■ ABOUT THIS EXERCISE: Retype all of the listing exactly, with no pictures.

■ PROVIDED DATA:
== Segment start ==

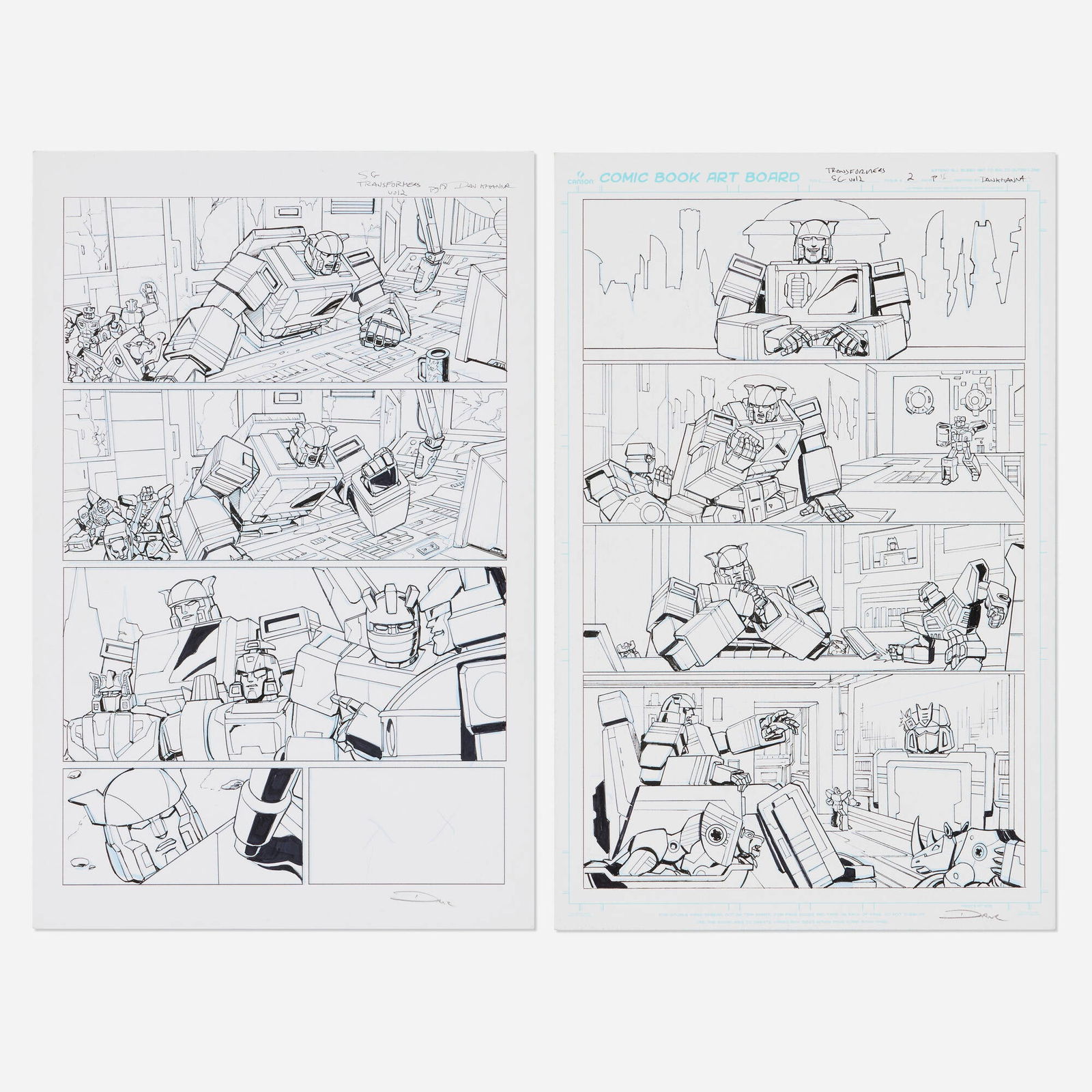 Dan Khanna, Transformers: Shattered Glass II #2 Story Pages 16 and 18 Original Art: Dan Khanna Transformers: Shattered Glass II #2 Story Pages 16 and 18 Original Art (I.D.W. Comics, 2022) digital pencil and traditional ink on Bristol board 17 h x 11 w in (43 x 28 cm) Original art p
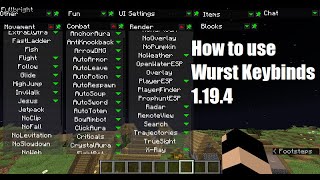 How to use Wurst Hacked client keybinds 1194 Tutorial [upl. by Uno]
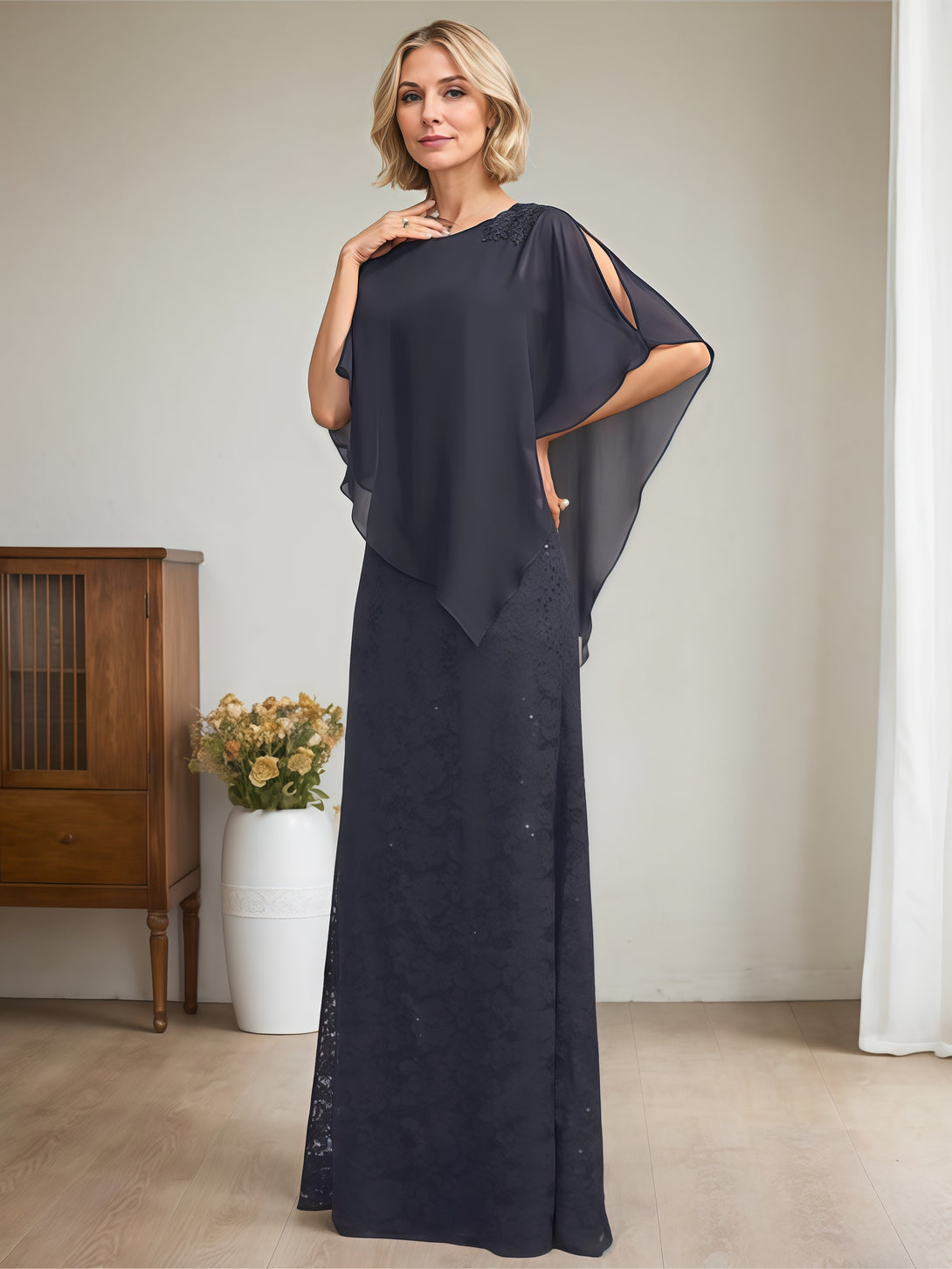 Sheath/Column Exquisite Scoop Neck Cape Floor-Length Chiffon Mother of the Bride Dress With Appliques BabaMila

== Segment end ==

■ SOLVED PROBLEM:
 Dan Khanna, Transformers: Shattered Glass II #2 Story Pages 16 and 18 Original Art: Dan Khanna Transformers: Shattered Glass II #2 Story Pages 16 and 18 Original Art (I.D.W. Comics, 2022) digital pencil and traditional ink on Bristol board 17 h x 11 w in (43 x 28 cm) Original art p
 How to use Wurst Hacked client keybinds 1194 Tutorial [upl. by Uno]
 Sheath/Column Exquisite Scoop Neck Cape Floor-Length Chiffon Mother of the Bride Dress With Appliques BabaMila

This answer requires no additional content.